◆ EXERCISE GOAL
Please give the whole listing again word for word, and drop any pictures it holds.

Segment Start: DATA SEGMENT

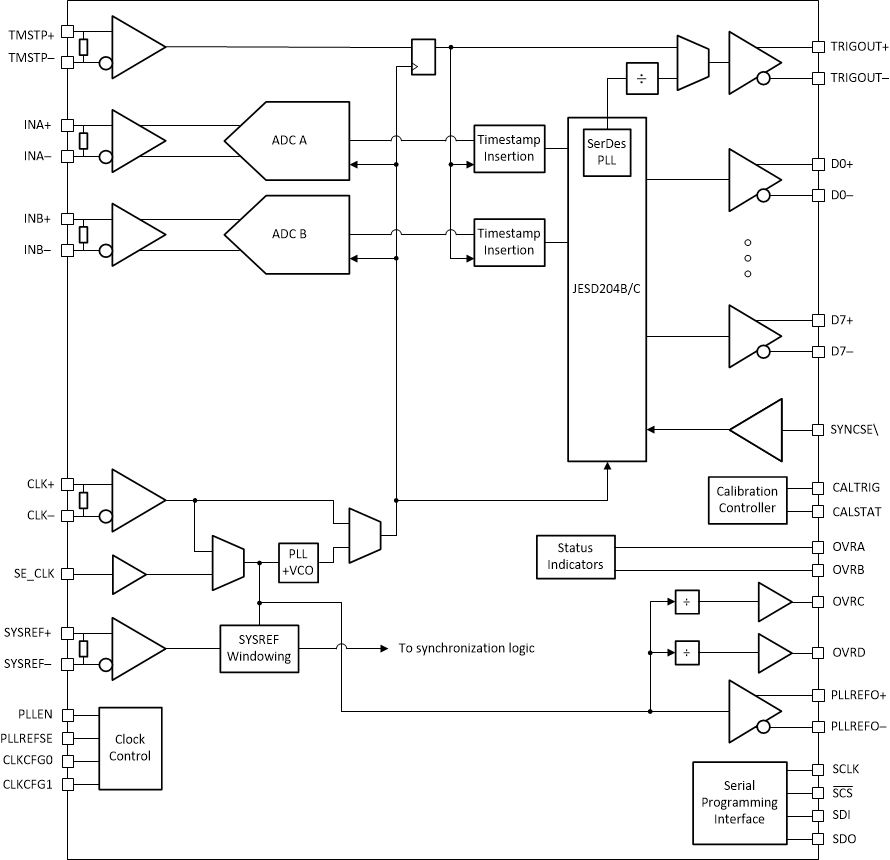 ADC09QJ1300-Q1 ADC09DJ1300-Q1 ADC09SJ1300-Q1 Dual Channel Functional Block
                    Diagram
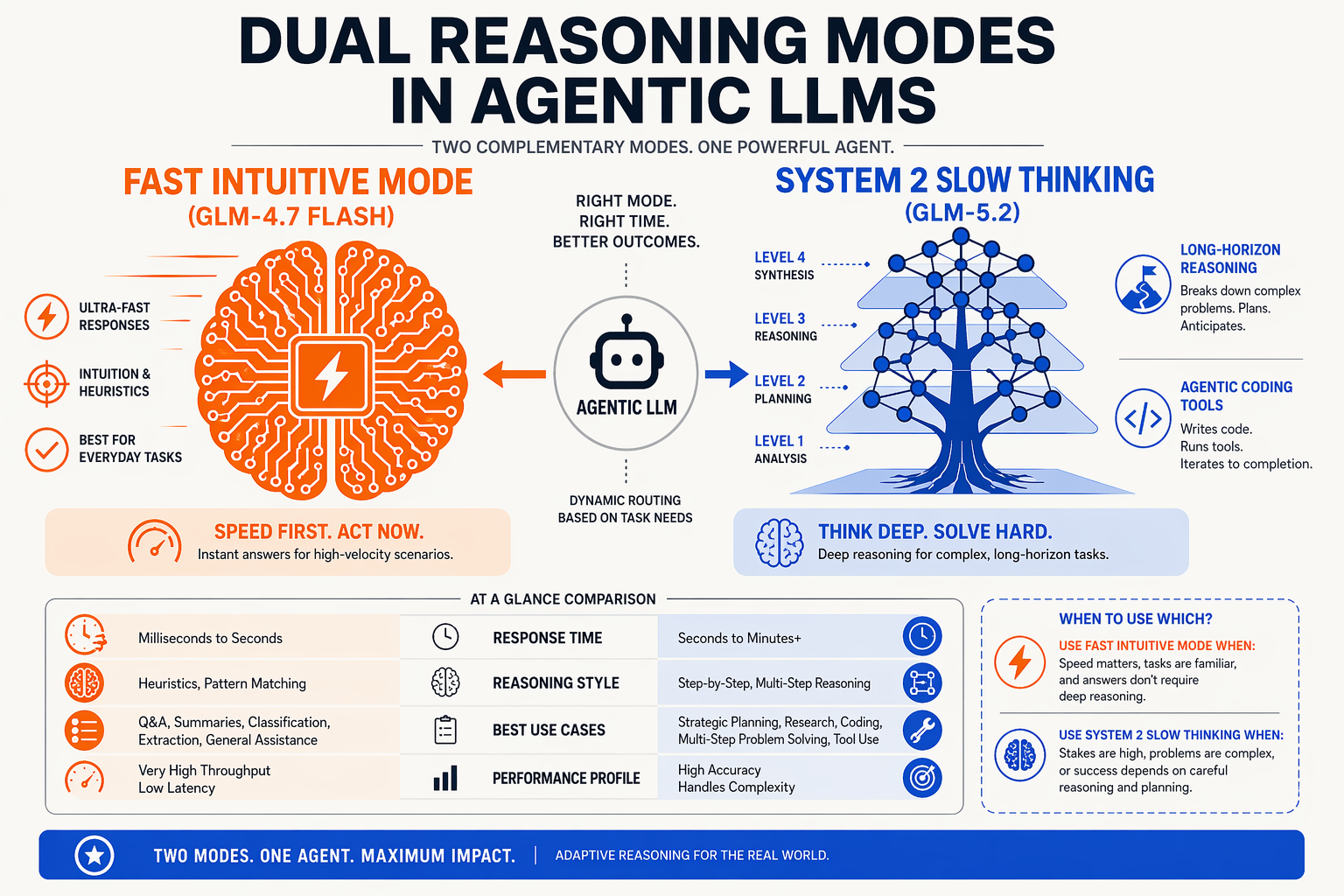 In-Depth Analysis: Decoding GLM-5.2's Core Power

Segment End: DATA SEGMENT

◆ ANSWER FOR THE TASK
 ADC09QJ1300-Q1 ADC09DJ1300-Q1 ADC09SJ1300-Q1 Dual Channel Functional Block
                    Diagram
 In-Depth Analysis: Decoding GLM-5.2's Core Power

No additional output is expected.